People in conversation

Curiosity Unbound: Song of the Angels

Parisa Parsa

President Obama’s tears during his speech on gun control last week made a big splash in the media circuit. As he spoke of the first graders killed at Sandy Hook Elementary School in December of 2012, his speech faltered and cheeks dampened. Those tears, and everything behind them, are presumably the foundation for the policy reforms he proposes to put into place via Executive Order, which he implores Congress not to impede.

There have been countless causes for tears in recent months. Lives lost to brutal and capricious violence have made the headlines almost too often to tally, both here and abroad.
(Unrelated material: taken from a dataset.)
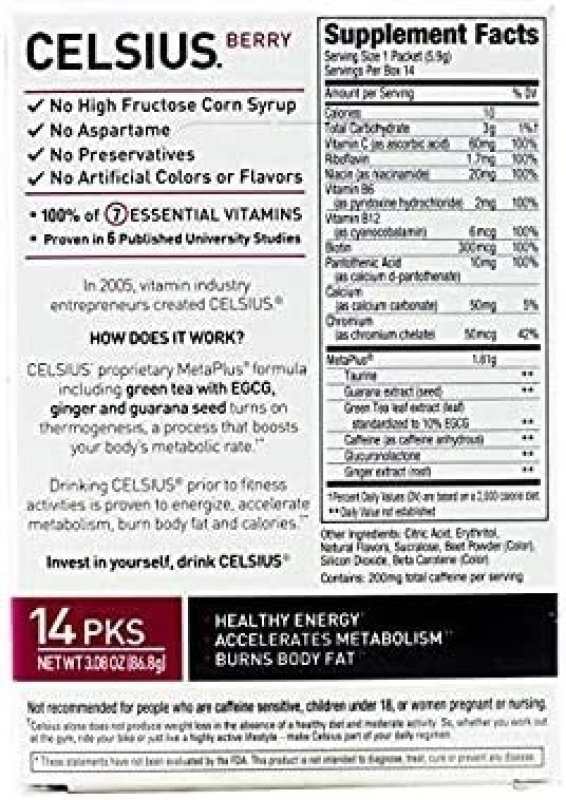 CELSIUS BERRY ON THE GO POWDER STICK - 14 PACKS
With each news cycle we move with more speed toward and cling with increasing rigidity to what we think is “to blame”: gun laws, mental health services, economic despair, immigrants, Islam, Christianity, government overreach or incompetence, police brutality. And we rail for or against whatever laws or policies we think are needed to fend off the discomfort of vulnerability.

We just want it to stop.

We barely let the tears fall before wiping them away with our preferred stance of outrage. The blinders close in. The others who bear the fault become one-dimensional, naïve, backward, hateful. The less we see each other, the more intractable the problems become. And the next time the tears come faster, the walls draw in closer, the finger is pointed that much more sharply.

As Obama’s tears fell, speculation about their authenticity and criticism of what some saw as a sign of weakness flowed freely. Our assessments shift depending on how much the ideology of the people in the spotlight reflect our own.
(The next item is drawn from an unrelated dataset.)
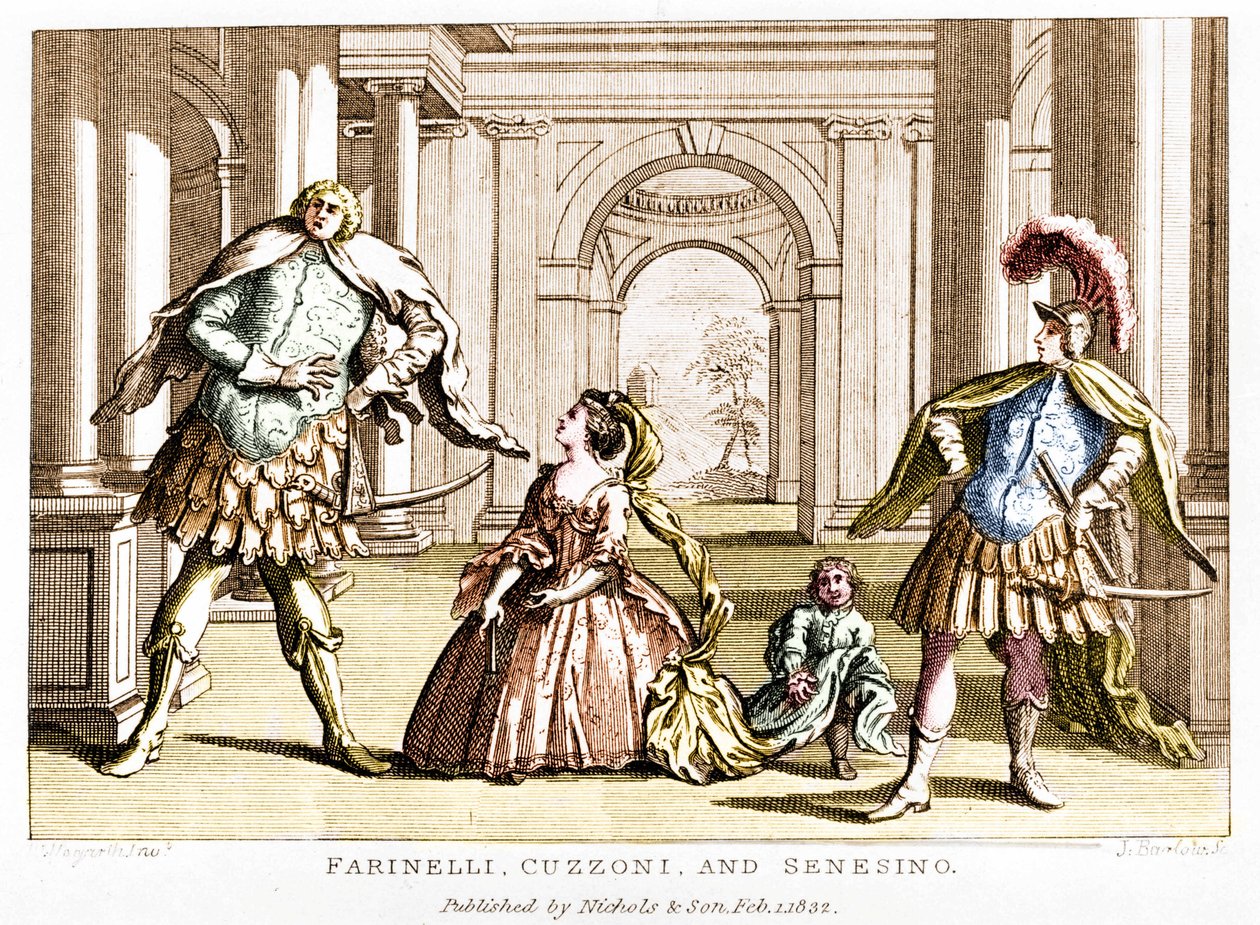 George Frederick Handel (Georg Friedrich Handel) tarafından operada soprano Cuzzoni ve hadım Francesco Bernardo Senesino (1680 - 1750) ile Farinelli (Carlo Broschi, dit; 1705 - 1782) by Unknown artist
The tallies of the last year, good, bad, ugly, have flown past us in lists and resolutions. The calendar page has turned and once again we learn that it takes more than the passage of time to make us new, to change us and our world.
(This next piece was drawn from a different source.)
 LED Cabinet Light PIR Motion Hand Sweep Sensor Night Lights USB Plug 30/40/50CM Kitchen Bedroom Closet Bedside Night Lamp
Now it is time to take a deep breath. To pause in wonder.

I yearn for a pause in the rush to reach for policy solutions so we might simply behold. Behold the shared truth that being together—rather than being “right,” offers its own salvation in the most literal sense: it helps us to be whole.

What if we took some time to sit in the uncomfortable presence of the tender and the bruised places in our own hearts? How might we let ourselves appreciate and celebrate the resilience that has made it possible for humankind to carry on, and embrace our responsibility to find new ways to continue? When might we find moments to really see each other by breaking through, walking around, climbing over the walls that fear has built?

I want us to pause and drink it all in, to witness the possibility in the midst of our heartbreak and fear, and then to let those soft parts of ourselves send out tendrils of connection.

Though they may be watered with tears of grief, the world may grow renewed as we pause to look at ourselves and each other with fresh eyes. In the process we might see hope bloom. For real.